Start of Excerpted data

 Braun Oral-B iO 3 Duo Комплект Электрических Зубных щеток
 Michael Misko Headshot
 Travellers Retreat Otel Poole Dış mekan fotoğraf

End of Excerpted data
Start of Excerpted data

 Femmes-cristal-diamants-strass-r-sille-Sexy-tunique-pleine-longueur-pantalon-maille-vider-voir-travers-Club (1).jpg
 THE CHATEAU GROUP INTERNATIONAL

End of Excerpted data

# Exercise description
Using the entries above, repeat only the lines from the one containing "Braun Oral-B iO" through the one containing "Travellers Retreat Otel", end lines included.

# Exercise output
 Braun Oral-B iO 3 Duo Комплект Электрических Зубных щеток
 Michael Misko Headshot
 Travellers Retreat Otel Poole Dış mekan fotoğraf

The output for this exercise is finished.